So, what am I currently reading? Anything that can’t get away.
As usual, I have several *ahem* a goodly number of titles I’m working through, some for fun, some for research, some because they are the academic version of whole grain cereal and greens.
Robert Kaplan The Revenge of Geography Geography (What’s where? Why there? Why care?) shapes history and policy more than some people care to admit. Good but detailed and requires much attention.
Paul Gleirscher Noreia – Atlantis der Berge: Neues zu Göttin, Stadt, und Straßenstation It is a small booklet (190 pages) about Celtic Noreia, the area now Carinthia and parts of Croatia and Styria, looking at recent research and findings. It works my language muscles and is providing fodder for some long-term projects, both fiction and otherwise.
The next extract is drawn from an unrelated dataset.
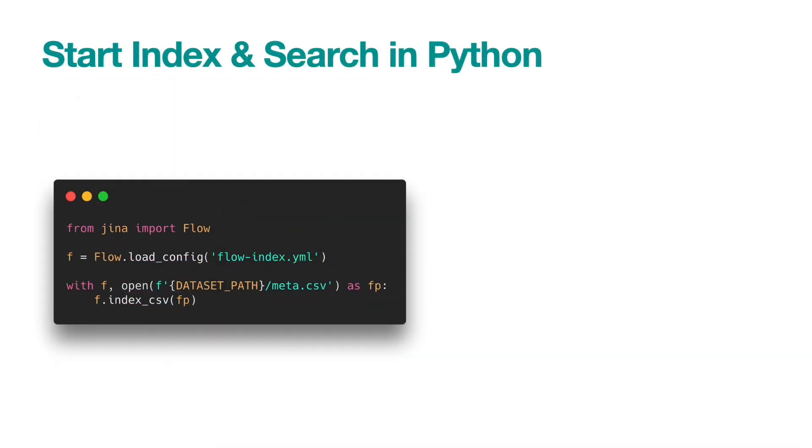Now that we have everything ready, let's do indexing and querying. We open the flow using the context manager and then feed the data into the flow using index.csv. This is a new feature added in 1.0. The indexing will take about two minutes on a CPU machine.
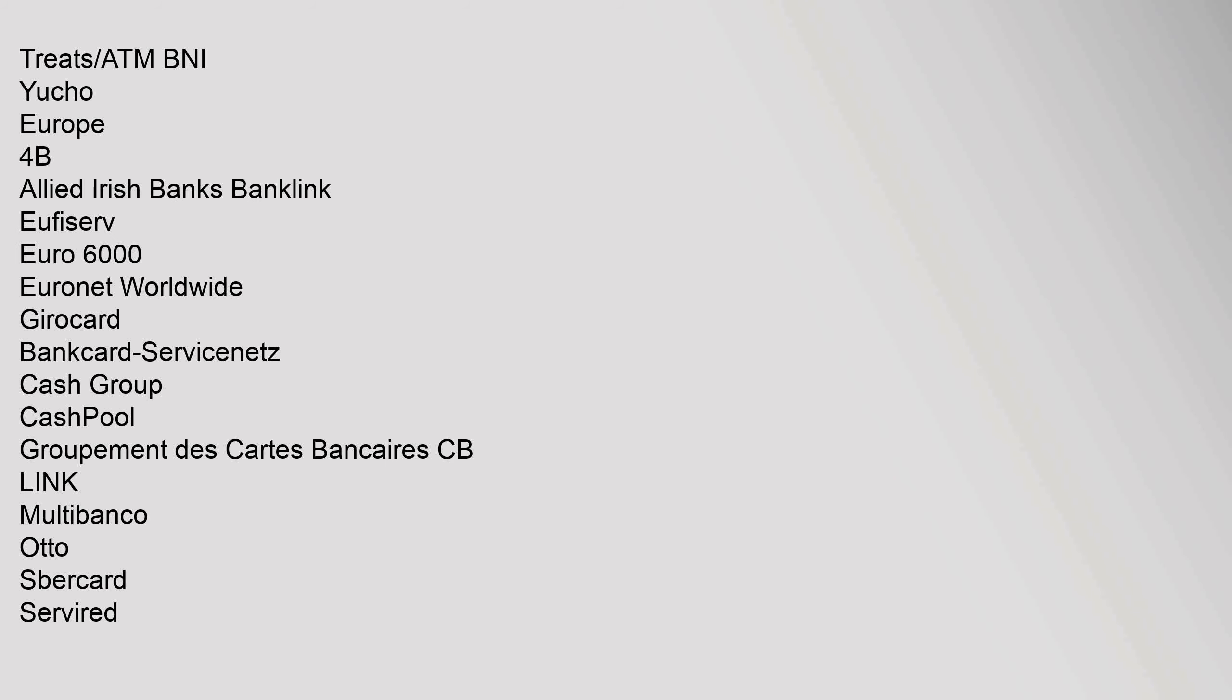T-RITS, ATM BNI, YUCHO. Europe: 4B, Allied Irish Banks Banklink, Ufeserv, Euro 6000, Euronet Worldwide, Girocard, Bancomat, ServiceNets, Cash Group, Cashpool, Groupement des Cartes Bancaires CB, Link, Multibanco, Automatischer Bereich, ServiRed, Single Euro Payments Area, VocaLink, Zolotaya Korona.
M.M. Kaye, The Sun in the Morning is the first volume in her autobiography about growing up at the end of the British Empire. She’s a fantastic writer, as well as providing info for a possible project.
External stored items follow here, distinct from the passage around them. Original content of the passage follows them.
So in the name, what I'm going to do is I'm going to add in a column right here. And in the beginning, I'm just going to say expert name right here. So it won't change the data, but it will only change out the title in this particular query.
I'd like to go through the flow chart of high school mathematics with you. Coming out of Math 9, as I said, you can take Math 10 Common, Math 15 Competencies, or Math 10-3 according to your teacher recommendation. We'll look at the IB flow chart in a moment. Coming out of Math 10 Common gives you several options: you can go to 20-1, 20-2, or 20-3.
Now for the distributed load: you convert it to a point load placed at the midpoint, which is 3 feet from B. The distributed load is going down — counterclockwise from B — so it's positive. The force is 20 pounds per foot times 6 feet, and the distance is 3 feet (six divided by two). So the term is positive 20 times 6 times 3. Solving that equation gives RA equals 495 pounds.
Robert Baden-Powell “Aids to Scouting” is a military textbook for scouts, written by THE scout of scouts during WWI.
James H. Billington The Icon and the Ax follows Russian religion and culture from the 1000s to the Soviet era.
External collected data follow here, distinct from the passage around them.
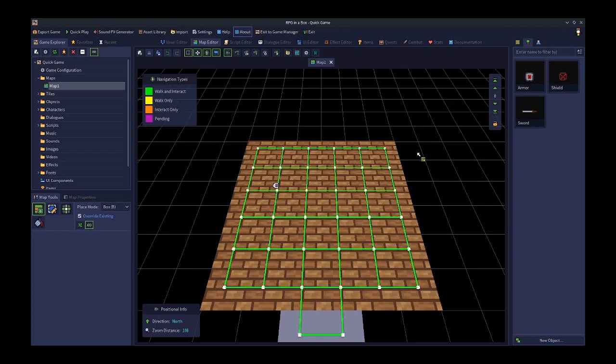There are two key parts to equipment in RPG in a Box. There are two types of entity and two types of process. Starting with the two types of entity: in RPG in a Box, you have objects and you have items. When it comes to equipment, those are the two types of entity — objects and items.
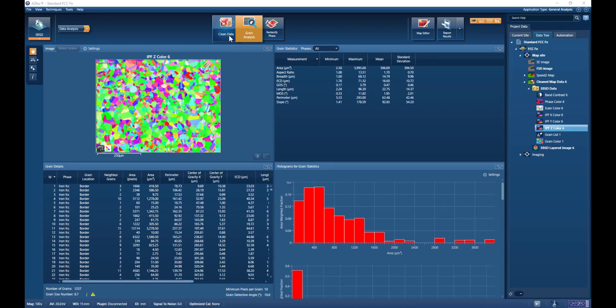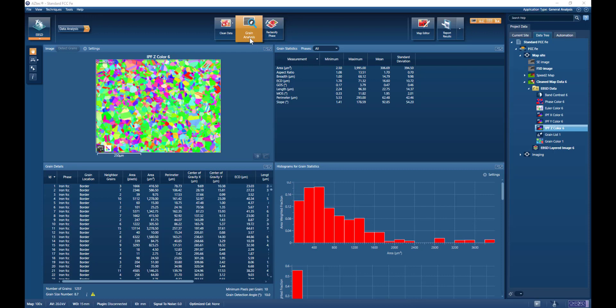We can clean up the data, we can go into the grain analysis mode, or we can look at the reclassify phase, which is a licensed option. I've gone straight into the grain analysis mode, but it is important when doing a grain analysis that the data has been cleaned up sufficiently so that reliable grain detection can occur.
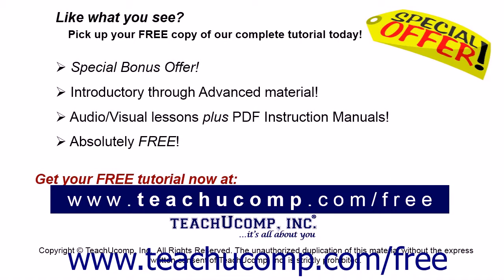Like what you see? Pick up your free copy of the complete tutorial at www.teachucomp.com forward slash free.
Lois McMasters Bujold The Curse of Chillion I like her writing, I don’t like Miles Vorkorsigan, and I needed a brain break.
Mary Catelli Curses and Wonders More brain break by a writer of fantasy that I enjoy very much.
Jeff Dunterman The Cunning Blood Reading in the field and seeing how he writes hard sci-fi.
Ceilia Hayes The Chronicles of Luna City. I’m a sucker for small-town, slice-of-life humor, and this has it in spades. I know so many of these people. 🙂
James Cracraft The Revolution of Peter the Great Cracraft looks at how Peter’s innovations and changes upset Russia’s society far beyond just the beard taxes and the creation of the navy.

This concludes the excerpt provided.